Coming back here after five months is like re-starting a paused video. When I was in April last, during the war, Kurdistan was silent, nervous and waiting.
Coming back here after five months is like re-starting a paused video. When I was in April last, during the war, Kurdistan was silent, nervous and waiting. Now it is thriving: the traffic noisy and snarled up, the shops full, the pavements crowded. The Kurds are the greatest winners after this war. So far, they are the only real winners.
For a start, they did well out of the carve-up of the new Iraqi government. They have four ministries, including two of the biggest: foreign affairs and the new constitution. They have skillfully managed to remind everyone that they are part of the new Iraq because they want to be, rather than because they have no alternative, yet they have done this with considerable tact.
And because they were separate from Saddam Hussain's Iraq for the 12 years after the 1991 Gulf War, the Kurdish economy was relatively free of the savage UN sanctions and is now in good shape.
Major's gamble
It is worth remembering that the reason Iraqi Kurdistan has been a success is that it was created, not by the US alone, but by the UN. It wasn't even an American idea: it grew out of a brave gamble by John Major. In those days, back in 1991, the US believed that listening to its allies and obtaining international support was something worth doing. The Kurds have been grateful ever since.
Now, their greatest fear is that the violence and instability which seems to be growing in the rest of Iraq will spread northwards. The other day, a car bomb exploded in the centre of Arbil. It was probably planted by Saddam loyalists, but there are those who believe it was an attempt by the militant Kurdish communists, the PKK, to remind everyone that they are still around.
The Kurds' success has been based on a policy of unswerving support for whatever the US did in Iraq.

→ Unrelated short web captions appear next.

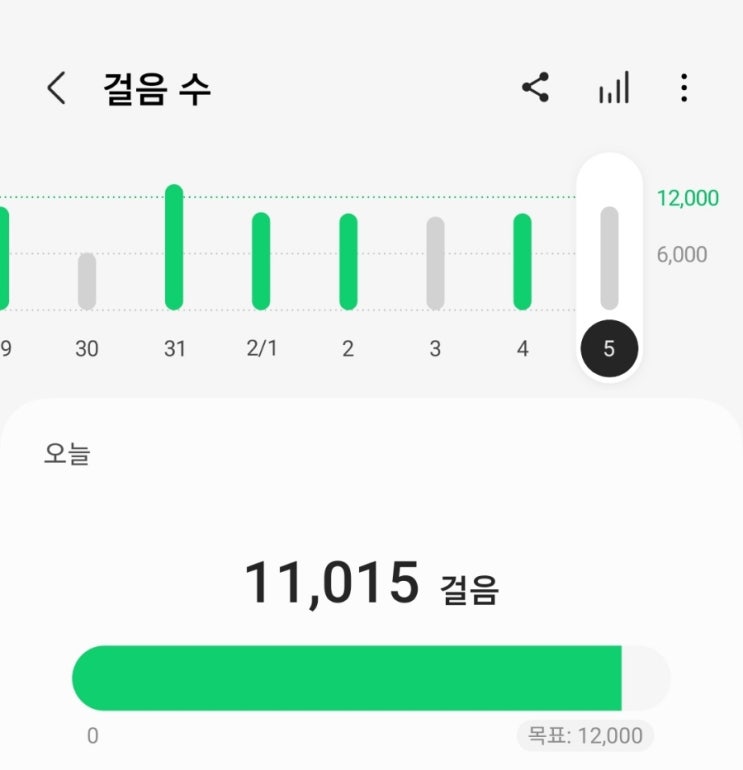 삼성헬스 오늘의 만보걷기 23년 2월 5일 삼성헬스 오늘의 만보걷기 23년 2월 5일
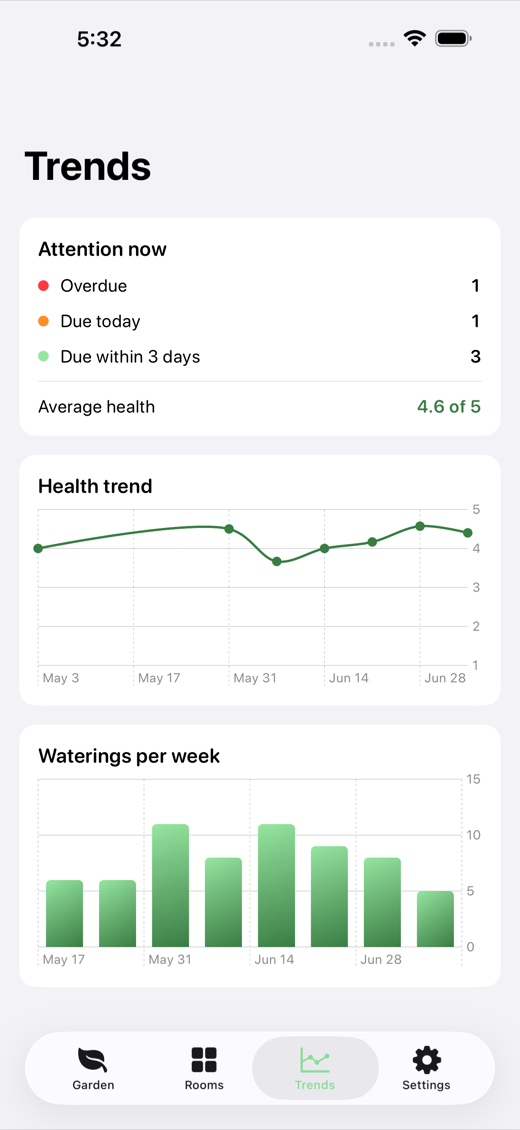 LeafTend screenshot 3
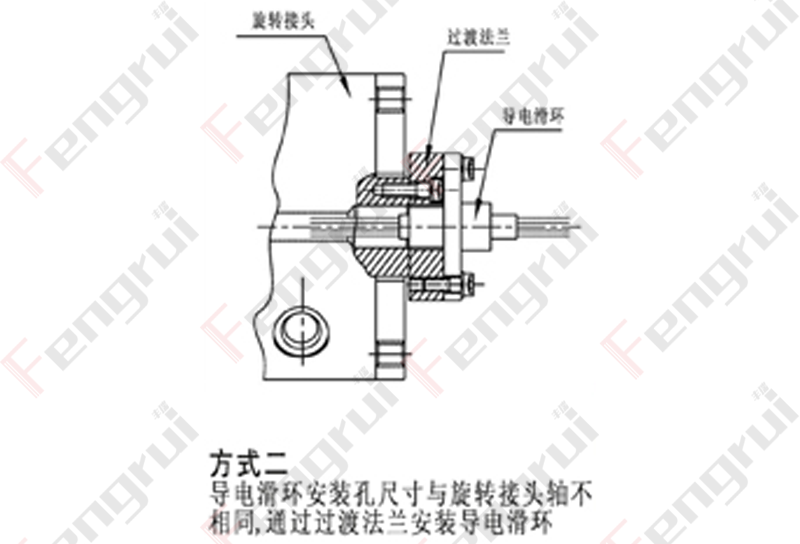 方式二：編碼器安裝孔與旋轉(zhuǎn)接頭軸不相同，通過過度法蘭安裝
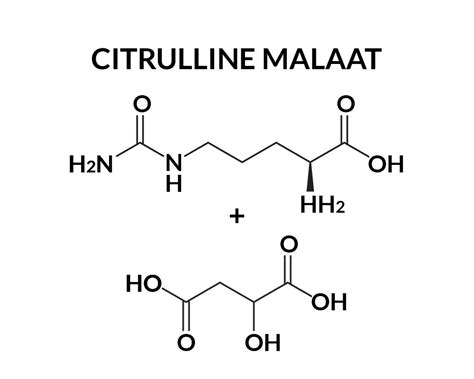 Tabel met aanbevolen doseringen van citrulline malaat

During the war the Kurdish forces, with the support of a few hundred American special forces soldiers, defeated 11 Iraqi divisions. Even when an American "friendly fire" attack killed 18 Kurdish soldiers and injured the KDP president's brother and son, there was no complaint, no pressure for an inquiry. The Kurds kept their eyes on the prize a big share in governing the new Iraq.
But this new Iraq is slow in coming. Nearly four months after US President George W. Bush declared the war over, you still can't fly into Baghdad. Driving there from the Jordanian border in the west is regarded by most people as much too dangerous. You can go in from Kuwait, but if you are sensible you will travel in convoy. The violence is becoming greater month by month.
The immediate response of some American commentators to the surrender of Saddam's defence minister, Gen Sultan Hashim Ahmed, was to suggest that the resistance would now drop; as though an isolated, nervous figure stuck out in the desert somewhere west of Mosul could possibly command the bombers and snipers throughout Iraq.
The uncomfortable fact is that the violence here is self-generating. It arises from the basic strategic error made by the Pentagon before the start of this war.
Since I made the error too, I can understand it better. Donald Rumsfeld, Paul Wolfowitz, Richard Perle and the rest believed that Iraq was longing to be free of Saddam and would welcome the Americans as liberators.
People were indeed longing to be free of him; but after 12 years of savage sanctions they didn't regard the Americans or the British the instigators of those sanctions as their friends. And even now the Americans often behave more like conquerors than liberators.
Looking wider than Iraq, it is hard to see much advantage from this Gulf War. The US has rarely been more divided from its closest friends in Europe and Asia. Many Arabs, and increasing numbers of Muslims in general, regard America as an out-and-out enemy. In fact, the wider fall-out is even worse than the immediate problems of violence inside Iraq itself.
Fear of invasion
Last week it was credibly reported that Saudi Arabia is considering obtaining a nuclear weapon. Iran is already suspected of wanting to become a nuclear power. The US invaded Iraq partly to demonstrate how strong it was; but the unexpected result is that countries such as Iran and Saudi Arabia, which feel they might also be on America's list, now want to have the means to defend themselves.
From the viewpoint of northern Iraq, the entire enterprise does not exactly look like much of a success. Except for what has happened to the Kurds; for them, it has been remarkable. But it seems like a lot of trouble to go to, just to make the Kurds happy.